(Scraped caption text data)
..............................

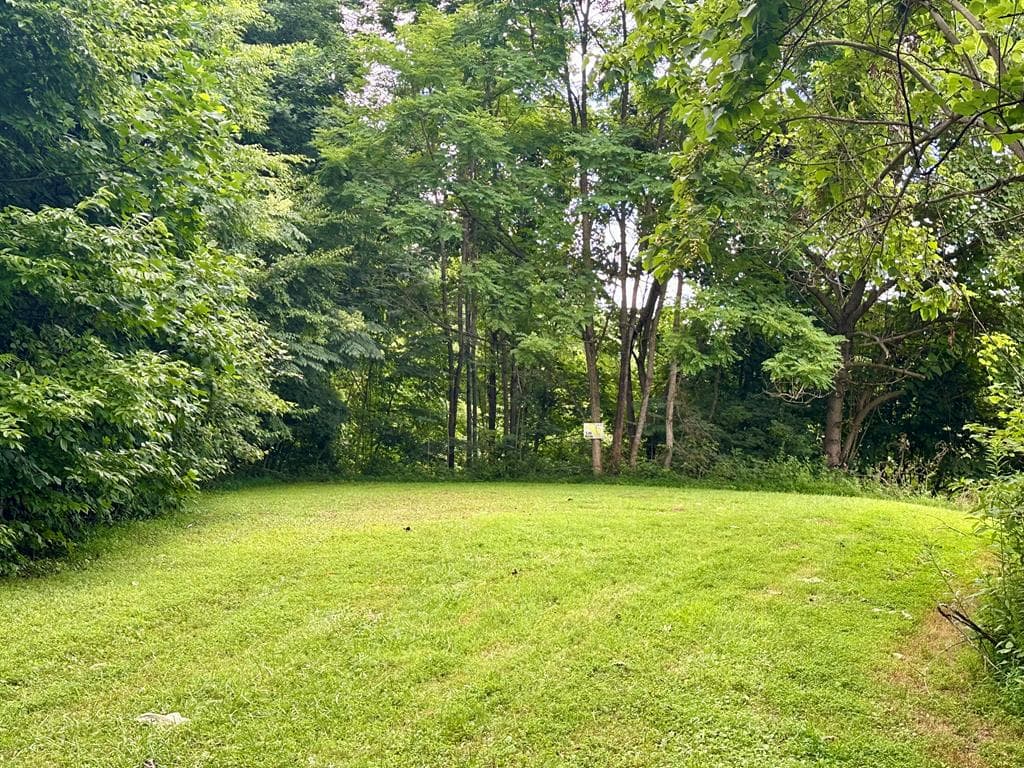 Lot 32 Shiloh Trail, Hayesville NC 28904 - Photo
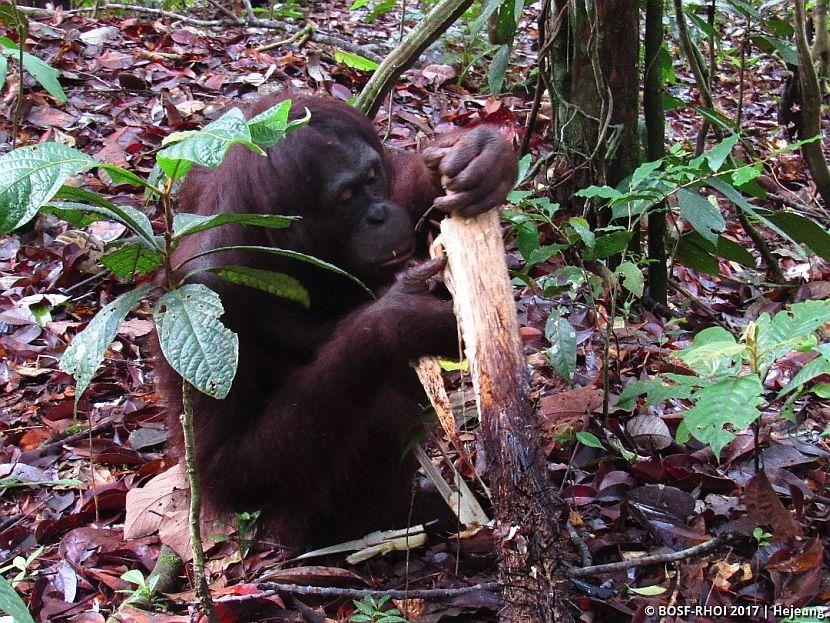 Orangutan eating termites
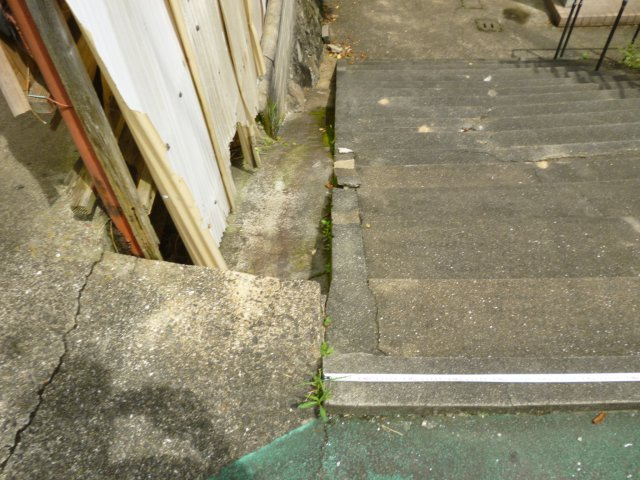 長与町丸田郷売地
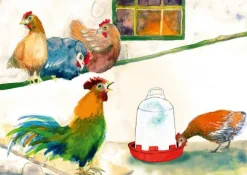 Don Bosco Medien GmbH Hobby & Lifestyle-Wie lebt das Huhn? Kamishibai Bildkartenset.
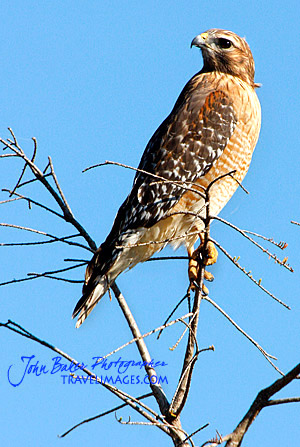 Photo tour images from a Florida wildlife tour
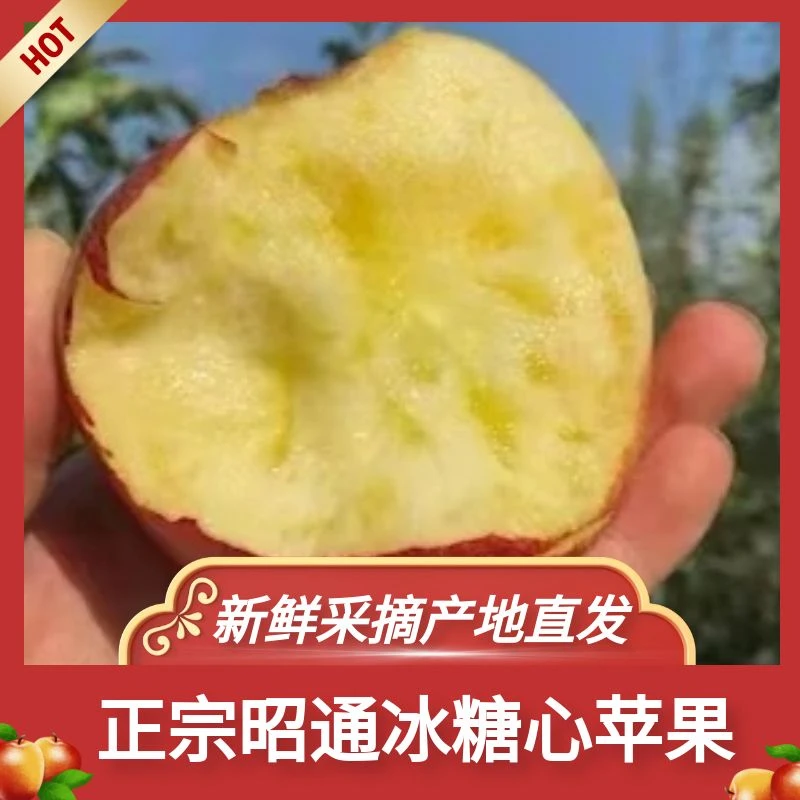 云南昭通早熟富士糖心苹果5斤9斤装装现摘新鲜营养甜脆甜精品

..............................

*WHAT THIS TASK INVOLVES*:
The result should be a verbatim copy of the data, free of pictures.

*SOLUTION*:
 Lot 32 Shiloh Trail, Hayesville NC 28904 - Photo
 Orangutan eating termites
 長与町丸田郷売地
 Don Bosco Medien GmbH Hobby & Lifestyle-Wie lebt das Huhn? Kamishibai Bildkartenset.
 Photo tour images from a Florida wildlife tour
 云南昭通早熟富士糖心苹果5斤9斤装装现摘新鲜营养甜脆甜精品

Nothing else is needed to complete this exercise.